( past )
They already knew about everything.
The implications of that simple statement ricocheted around in his chest like someone had kicked a scattering of hot ash at him. More than that, the casual ease with which she said it made his fingers wrap tighter around the glass of vodka he held.
With her legs tucked beneath her, she looked almost diminutive, and it was in a tense manner even still, that very likely wouldn’t go away for at least a little while. Zuko was suddenly gripped by the desire to place his hands on her shoulders and knead out every knot he found there. It caught him off guard–he wasn’t a very tactile person with most of his friends, let alone people he barely knew. He took a mouthful of vodka, appreciating the cold burn as it ran along his tongue and down his throat.

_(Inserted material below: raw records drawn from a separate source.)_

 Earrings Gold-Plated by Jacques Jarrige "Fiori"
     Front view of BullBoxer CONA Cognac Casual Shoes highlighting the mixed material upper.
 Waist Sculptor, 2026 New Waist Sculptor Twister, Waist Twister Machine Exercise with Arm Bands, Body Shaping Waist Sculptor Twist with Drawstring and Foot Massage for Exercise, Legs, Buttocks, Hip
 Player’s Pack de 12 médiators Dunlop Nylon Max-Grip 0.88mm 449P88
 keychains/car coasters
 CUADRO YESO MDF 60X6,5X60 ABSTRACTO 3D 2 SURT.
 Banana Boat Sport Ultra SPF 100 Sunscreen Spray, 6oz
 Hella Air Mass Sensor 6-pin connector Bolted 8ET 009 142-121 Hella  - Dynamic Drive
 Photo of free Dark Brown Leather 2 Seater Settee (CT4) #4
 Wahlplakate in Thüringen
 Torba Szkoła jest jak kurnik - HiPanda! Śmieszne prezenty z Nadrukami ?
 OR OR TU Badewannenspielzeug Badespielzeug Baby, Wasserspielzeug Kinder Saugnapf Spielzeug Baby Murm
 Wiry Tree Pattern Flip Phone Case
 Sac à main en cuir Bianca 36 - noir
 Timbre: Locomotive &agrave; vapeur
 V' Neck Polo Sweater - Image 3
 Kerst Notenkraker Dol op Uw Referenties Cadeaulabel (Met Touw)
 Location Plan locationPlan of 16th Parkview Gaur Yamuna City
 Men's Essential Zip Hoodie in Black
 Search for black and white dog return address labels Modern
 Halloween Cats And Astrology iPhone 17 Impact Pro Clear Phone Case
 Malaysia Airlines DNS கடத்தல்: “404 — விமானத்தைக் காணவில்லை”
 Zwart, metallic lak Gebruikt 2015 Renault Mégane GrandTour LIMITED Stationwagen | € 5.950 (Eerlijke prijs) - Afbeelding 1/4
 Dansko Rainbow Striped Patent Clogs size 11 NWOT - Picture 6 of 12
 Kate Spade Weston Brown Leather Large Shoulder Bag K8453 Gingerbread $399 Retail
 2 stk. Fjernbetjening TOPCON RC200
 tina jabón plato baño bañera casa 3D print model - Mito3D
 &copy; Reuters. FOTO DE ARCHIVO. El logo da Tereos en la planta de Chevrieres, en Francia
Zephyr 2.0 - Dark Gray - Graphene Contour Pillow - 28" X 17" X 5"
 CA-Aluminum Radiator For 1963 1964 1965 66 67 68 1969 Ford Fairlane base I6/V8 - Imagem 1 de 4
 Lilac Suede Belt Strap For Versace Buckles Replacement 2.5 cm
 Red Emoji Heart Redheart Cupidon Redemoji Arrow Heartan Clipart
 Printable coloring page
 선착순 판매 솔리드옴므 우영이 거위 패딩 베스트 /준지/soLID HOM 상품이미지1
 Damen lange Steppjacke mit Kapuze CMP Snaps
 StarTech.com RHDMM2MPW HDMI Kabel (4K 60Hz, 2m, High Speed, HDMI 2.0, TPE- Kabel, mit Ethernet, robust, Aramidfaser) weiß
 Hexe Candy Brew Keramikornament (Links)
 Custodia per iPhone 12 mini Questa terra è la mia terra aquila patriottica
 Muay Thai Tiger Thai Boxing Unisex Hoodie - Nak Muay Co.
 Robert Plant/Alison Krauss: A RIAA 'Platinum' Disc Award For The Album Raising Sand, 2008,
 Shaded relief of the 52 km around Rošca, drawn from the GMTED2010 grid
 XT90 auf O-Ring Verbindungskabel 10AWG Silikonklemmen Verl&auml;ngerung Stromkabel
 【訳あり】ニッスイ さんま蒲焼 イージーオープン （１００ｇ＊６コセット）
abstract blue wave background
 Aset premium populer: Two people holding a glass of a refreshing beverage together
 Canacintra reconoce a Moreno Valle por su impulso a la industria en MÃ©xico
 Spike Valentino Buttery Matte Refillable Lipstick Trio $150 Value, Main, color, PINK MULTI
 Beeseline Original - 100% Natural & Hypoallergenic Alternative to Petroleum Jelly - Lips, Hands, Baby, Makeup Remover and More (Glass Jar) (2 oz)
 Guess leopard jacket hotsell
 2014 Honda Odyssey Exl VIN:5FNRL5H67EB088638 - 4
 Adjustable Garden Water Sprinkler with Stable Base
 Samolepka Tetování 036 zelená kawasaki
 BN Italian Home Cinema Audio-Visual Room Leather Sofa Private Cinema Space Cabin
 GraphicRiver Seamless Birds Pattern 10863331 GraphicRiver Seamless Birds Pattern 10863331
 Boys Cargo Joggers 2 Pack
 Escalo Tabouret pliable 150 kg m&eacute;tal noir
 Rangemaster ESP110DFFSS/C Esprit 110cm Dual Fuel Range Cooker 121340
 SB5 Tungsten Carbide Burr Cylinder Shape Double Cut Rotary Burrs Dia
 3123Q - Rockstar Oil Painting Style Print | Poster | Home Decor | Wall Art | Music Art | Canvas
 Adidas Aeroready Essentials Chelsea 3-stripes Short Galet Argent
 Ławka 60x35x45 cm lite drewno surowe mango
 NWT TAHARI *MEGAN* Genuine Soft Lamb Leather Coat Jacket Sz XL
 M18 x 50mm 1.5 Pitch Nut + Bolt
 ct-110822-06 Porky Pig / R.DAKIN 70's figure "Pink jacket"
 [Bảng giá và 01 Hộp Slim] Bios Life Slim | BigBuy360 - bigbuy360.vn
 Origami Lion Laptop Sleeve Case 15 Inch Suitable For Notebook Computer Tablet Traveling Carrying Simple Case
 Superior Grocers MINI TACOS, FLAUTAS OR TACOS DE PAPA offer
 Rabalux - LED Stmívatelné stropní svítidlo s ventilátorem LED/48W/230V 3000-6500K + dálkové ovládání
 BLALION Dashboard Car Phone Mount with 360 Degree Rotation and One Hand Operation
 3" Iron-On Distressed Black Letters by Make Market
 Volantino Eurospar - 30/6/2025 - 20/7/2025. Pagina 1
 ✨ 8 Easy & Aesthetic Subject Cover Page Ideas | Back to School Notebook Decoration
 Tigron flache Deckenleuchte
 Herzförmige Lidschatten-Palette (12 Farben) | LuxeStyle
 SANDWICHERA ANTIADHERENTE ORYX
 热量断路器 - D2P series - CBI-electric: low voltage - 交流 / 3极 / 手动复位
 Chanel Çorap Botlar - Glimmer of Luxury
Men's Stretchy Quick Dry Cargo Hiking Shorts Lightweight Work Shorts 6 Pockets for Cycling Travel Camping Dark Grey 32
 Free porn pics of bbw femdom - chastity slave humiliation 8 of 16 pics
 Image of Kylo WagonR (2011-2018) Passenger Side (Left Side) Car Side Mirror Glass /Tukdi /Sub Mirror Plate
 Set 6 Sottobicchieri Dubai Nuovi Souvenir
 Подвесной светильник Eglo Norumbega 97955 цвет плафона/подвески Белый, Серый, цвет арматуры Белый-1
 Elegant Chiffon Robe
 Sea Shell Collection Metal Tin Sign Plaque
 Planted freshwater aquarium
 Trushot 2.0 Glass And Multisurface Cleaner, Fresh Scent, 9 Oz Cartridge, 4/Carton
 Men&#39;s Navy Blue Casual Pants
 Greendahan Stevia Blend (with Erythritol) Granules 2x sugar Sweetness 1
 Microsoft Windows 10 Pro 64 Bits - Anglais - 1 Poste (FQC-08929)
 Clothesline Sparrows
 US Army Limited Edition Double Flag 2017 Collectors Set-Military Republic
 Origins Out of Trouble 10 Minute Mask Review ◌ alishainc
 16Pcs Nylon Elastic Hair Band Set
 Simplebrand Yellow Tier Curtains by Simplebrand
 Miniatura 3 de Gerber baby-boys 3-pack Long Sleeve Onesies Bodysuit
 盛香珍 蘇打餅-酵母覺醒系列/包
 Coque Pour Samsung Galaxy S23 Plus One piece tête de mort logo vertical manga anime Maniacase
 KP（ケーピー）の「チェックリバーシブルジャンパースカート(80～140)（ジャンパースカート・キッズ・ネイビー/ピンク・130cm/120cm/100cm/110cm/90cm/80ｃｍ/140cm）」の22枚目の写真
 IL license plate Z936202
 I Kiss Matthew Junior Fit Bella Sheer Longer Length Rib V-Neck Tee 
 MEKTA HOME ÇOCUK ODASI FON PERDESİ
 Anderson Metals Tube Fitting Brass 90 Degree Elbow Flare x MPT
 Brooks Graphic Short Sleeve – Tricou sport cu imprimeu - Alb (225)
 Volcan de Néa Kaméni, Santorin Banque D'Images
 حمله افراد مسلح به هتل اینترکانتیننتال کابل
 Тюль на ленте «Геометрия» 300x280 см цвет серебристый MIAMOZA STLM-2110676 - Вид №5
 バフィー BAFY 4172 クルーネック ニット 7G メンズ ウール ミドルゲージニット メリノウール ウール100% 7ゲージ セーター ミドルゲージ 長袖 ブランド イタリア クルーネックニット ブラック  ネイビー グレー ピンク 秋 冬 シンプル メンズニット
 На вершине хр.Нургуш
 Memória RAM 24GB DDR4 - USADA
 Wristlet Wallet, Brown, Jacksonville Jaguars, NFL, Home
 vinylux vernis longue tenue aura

Long fingers rubbed at the texture of her couch as he rested the glass back on his lap and looked over at her. Katara. He wanted to say it, to see if it tasted any different than other names in his mouth. “It’s nice to formally meet you,” he told her, inclining his head a little. He didn’t bother making a comment about Jet, though there were plenty he could probably come up with, none of them complimentary. “I’m Zuko. And I’ve had plenty of ruined nights in my life, and this doesn’t fall under that list.”
He tried to make his voice light, but felt like it fell short. Dropping his eyes to the glass and fiddling with the rim of it with his thumb, he added, “I’m sorry it went the way it did.” A fragile silence settled on the couch between them, quivering and threatening to shatter at the slightest noise. Being the one to make it, Zuko broke it, lifting his chin again to find her eyes with his own. “I’m happy to stay. Really.”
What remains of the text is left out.